Data::Hierarchy - Handle data in a hierarchical structure


Data-Hierarchy documentation Contained in the Data-Hierarchy distribution.

Index


Code Index:

NAME

Top

Data::Hierarchy - Handle data in a hierarchical structure

SYNOPSIS

Top

    my $tree = Data::Hierarchy->new();
    $tree->store ('/', {access => 'all'});
    $tree->store ('/private', {access => 'auth',
                               '.note' => 'this is private});

    $info = $tree->get ('/private/somewhere/deep');

    # return actual data points in list context
    ($info, @fromwhere) = $tree->get ('/private/somewhere/deep');

    my @items = $tree->find ('/', {access => qr/.*/});

    # override all children
    $tree->store ('/', {'.note' => undef}, {override_sticky_descendents => 1});

DESCRIPTION

Top

Data::Hierarchy provides a simple interface for manipulating inheritable data attached to a hierarchical environment (like a filesystem).

One use of Data::Hierarchy is to allow an application to annotate paths in a real filesystem in a single compact data structure. However, the hierarchy does not actually need to correspond to an actual filesystem.
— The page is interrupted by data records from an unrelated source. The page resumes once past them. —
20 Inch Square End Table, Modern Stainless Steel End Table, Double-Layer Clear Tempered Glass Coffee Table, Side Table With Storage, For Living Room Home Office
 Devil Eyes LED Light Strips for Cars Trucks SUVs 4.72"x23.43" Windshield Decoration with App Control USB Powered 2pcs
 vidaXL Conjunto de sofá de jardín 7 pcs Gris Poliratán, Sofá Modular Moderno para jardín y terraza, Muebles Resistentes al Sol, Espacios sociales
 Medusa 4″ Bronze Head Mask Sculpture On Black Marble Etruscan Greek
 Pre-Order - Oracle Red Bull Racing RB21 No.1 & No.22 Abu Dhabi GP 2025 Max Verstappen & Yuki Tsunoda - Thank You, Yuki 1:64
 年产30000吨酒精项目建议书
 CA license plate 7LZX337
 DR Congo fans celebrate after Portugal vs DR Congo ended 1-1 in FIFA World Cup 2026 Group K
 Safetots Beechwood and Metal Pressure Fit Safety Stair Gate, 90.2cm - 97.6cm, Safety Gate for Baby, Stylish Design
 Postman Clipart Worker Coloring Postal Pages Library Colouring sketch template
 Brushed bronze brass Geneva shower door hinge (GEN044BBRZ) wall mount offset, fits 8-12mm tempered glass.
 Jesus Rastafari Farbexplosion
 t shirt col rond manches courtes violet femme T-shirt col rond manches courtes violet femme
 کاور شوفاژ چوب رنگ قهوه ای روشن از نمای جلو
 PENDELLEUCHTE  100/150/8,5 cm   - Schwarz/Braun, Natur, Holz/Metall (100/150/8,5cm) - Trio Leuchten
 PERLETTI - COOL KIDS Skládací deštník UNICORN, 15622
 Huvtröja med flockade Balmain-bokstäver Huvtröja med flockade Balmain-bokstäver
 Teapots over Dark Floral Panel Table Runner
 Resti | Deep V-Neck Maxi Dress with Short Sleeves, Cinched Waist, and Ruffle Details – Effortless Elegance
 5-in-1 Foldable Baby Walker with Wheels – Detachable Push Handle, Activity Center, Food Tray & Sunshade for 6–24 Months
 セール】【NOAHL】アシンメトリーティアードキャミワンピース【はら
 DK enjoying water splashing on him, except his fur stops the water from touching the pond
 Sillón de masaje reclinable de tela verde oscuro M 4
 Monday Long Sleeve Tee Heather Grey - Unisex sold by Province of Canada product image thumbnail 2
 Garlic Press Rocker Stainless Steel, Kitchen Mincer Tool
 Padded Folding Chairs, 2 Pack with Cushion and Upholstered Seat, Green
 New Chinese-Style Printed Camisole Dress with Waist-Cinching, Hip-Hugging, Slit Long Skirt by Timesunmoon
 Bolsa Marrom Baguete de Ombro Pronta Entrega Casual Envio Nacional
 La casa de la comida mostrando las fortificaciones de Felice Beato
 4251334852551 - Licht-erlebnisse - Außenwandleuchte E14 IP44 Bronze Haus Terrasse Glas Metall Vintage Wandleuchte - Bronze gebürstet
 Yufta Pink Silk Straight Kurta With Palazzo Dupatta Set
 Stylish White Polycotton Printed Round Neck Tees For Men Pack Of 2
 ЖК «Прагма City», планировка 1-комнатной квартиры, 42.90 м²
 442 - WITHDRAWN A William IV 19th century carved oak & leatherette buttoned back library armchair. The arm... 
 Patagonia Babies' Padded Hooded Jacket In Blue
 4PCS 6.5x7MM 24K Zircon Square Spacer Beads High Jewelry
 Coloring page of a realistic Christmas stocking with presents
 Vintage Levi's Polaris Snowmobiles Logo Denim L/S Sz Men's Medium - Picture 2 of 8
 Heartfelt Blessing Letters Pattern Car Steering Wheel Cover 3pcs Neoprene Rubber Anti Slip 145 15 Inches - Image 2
Paths in a hierarchy are referred to in a Unix-like syntax; "/" is the root "directory". (You can specify a different separator character than the slash when you construct a Data::Hierarchy object.) With the exception of the root path, paths should never contain trailing slashes. You can associate properties, which are arbitrary name/value pairs, with any path. (Properties cannot contain the undefined value.) By default, properties are inherited by child paths: thus, if you store some data at /some/path:

    $tree->store('/some/path', {color => 'red'});

you can fetch it again at a /some/path/below/that:

    print $tree->get('/some/path/below/that')->{'color'};
    # prints red

On the other hand, properties whose names begin with dots are uninherited, or "sticky":

    $tree->store('/some/path', {'.color' => 'blue'});
    print $tree->get('/some/path')->{'.color'};            # prints blue
    print $tree->get('/some/path/below/that')->{'.color'}; # undefined

Note that you do not need to (and in fact, cannot) explicitly add "files" or "directories" to the hierarchy; you simply add and delete properties to paths.

CONSTRUCTOR

Top

Creates a new hierarchy object. Takes the following options:

sep

The string used as a separator between path levels. Defaults to '/'.

METHODS

Top

Instance Methods

store $path, $properties, {%options}

Given a path and a hash reference of properties, stores the properties at the path.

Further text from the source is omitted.